## The data:
--- --- ---

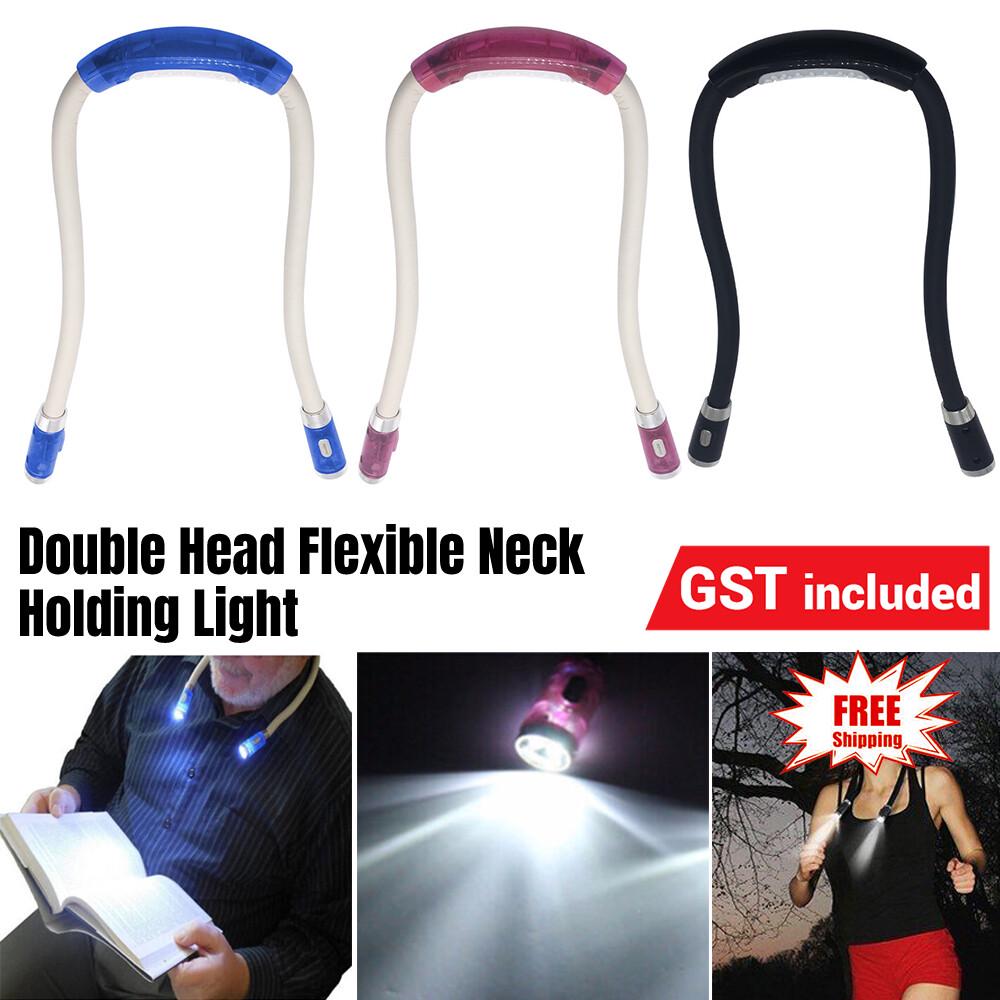 Flexible LED Neck Light Dimmable Reading Lamp Torch Double Head Light Handsfree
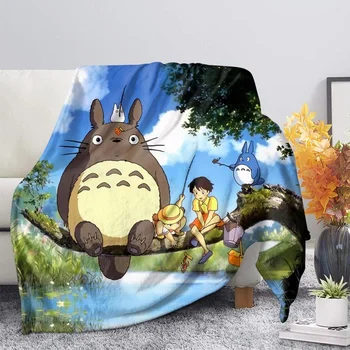 Anime Totoro 3D Takaró az Ágy Nyomtatott Rajzfilm Anime Flanel Takaró Kanapé lakberendezés Fél Diák Divat Takarót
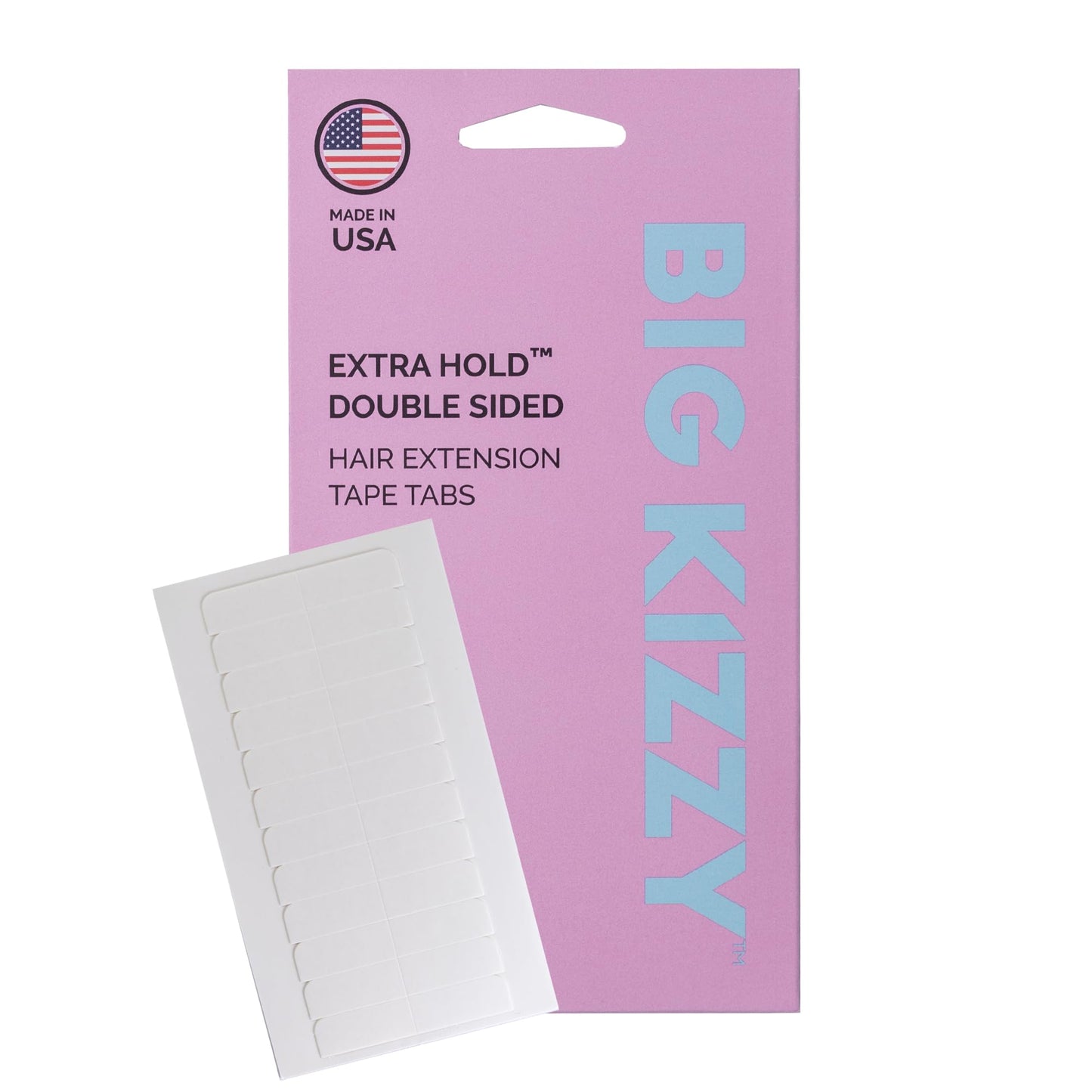 Big Kizzy Extra Hold Double Sided Hair Extension Tape - 144 tabs replacement tape - Strong hold of 6-8+ weeks - Made in USA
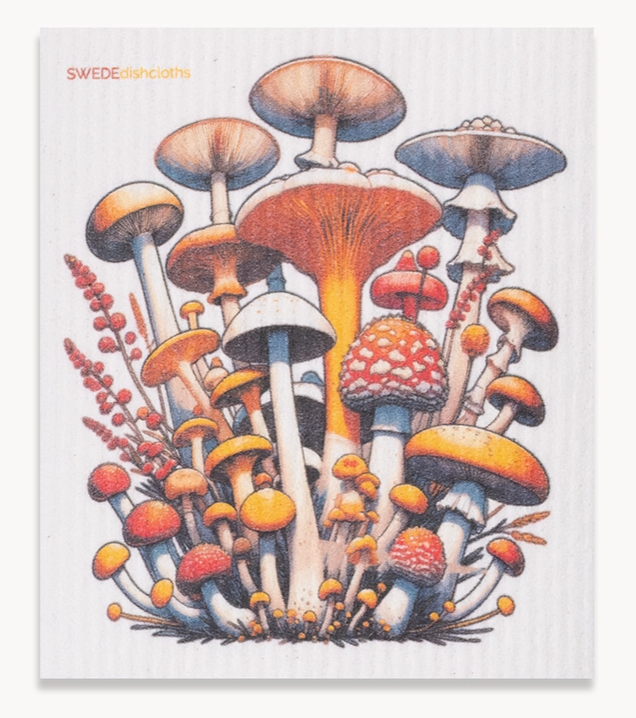 Colorful illustration of mushrooms on a white background with 'SWEDE' branding.
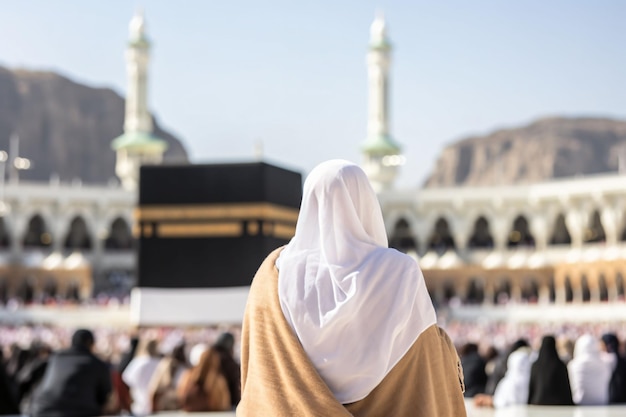 Un Musulman Accomplissant Le Hajj Et Priant Devant La Kaaba Masjidil ...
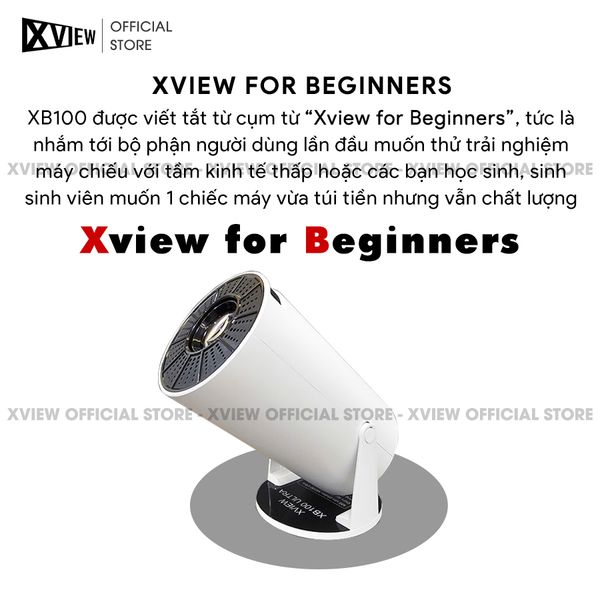 Xview XB100 Ultra - Máy chiếu mini giá rẻ tích hợp Hệ điều hành Android, độ sáng 250 ansi lumens, độ phân giải HD720p, hỗ trợ đầu vào 4K UHD và chỉnh nghiêng tự động theo chiều dọc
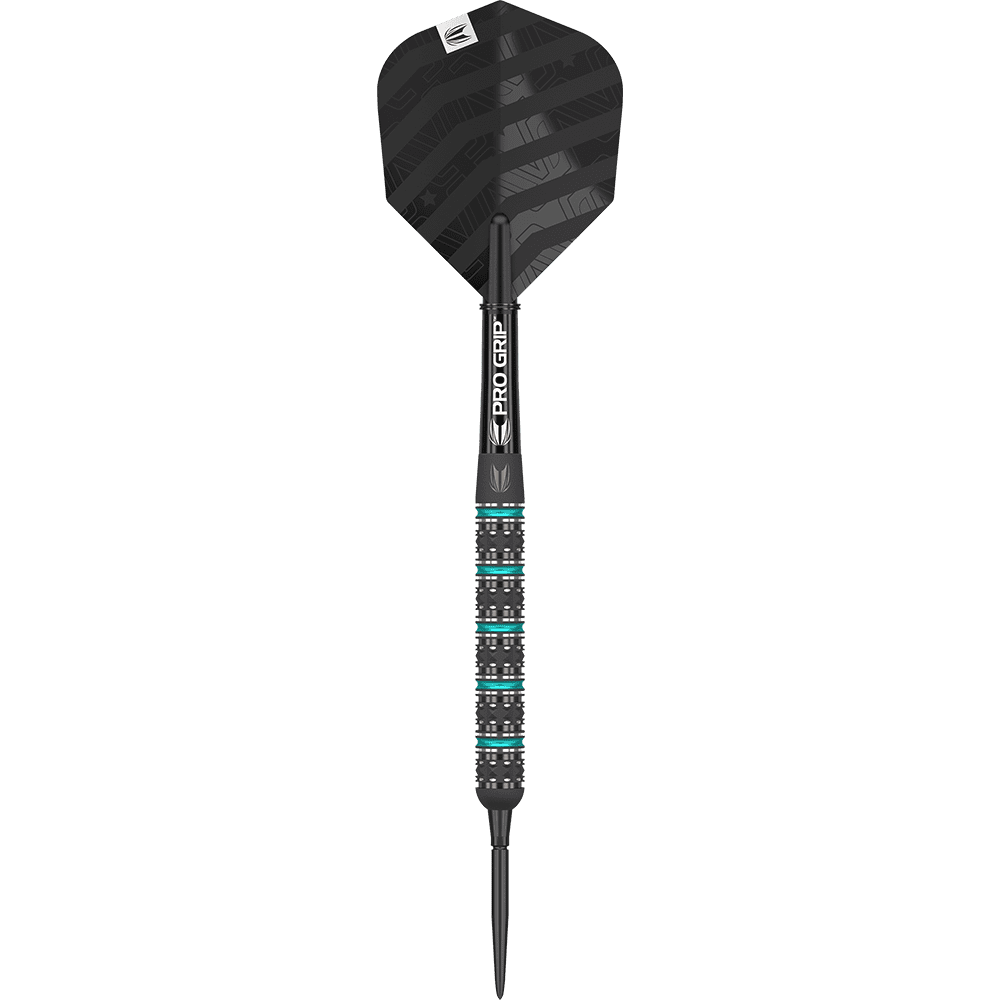 190209_Target_Rob_Cross_Black_Edition_2023_Swiss_Point_Steeldarts_17JmjrF73rsYSe Das Bild zeigt einen schwarzen Steeldart mit einem strukturierten Griff und türkisfarbenen Akzenten. Auf dem Schaft steht "PRO GRIP" und die Flights sind ebenfalls in Schwarz gehalten.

--- --- ---

## What you will do:
Transcribe the lines above exactly, beginning at the one with "Big Kizzy Extra" and ending at the one with "Un Musulman Accomplissant". Include both; exclude the pictures.

## Solution for this exercise:
 Big Kizzy Extra Hold Double Sided Hair Extension Tape - 144 tabs replacement tape - Strong hold of 6-8+ weeks - Made in USA
 Colorful illustration of mushrooms on a white background with 'SWEDE' branding.
 Un Musulman Accomplissant Le Hajj Et Priant Devant La Kaaba Masjidil ...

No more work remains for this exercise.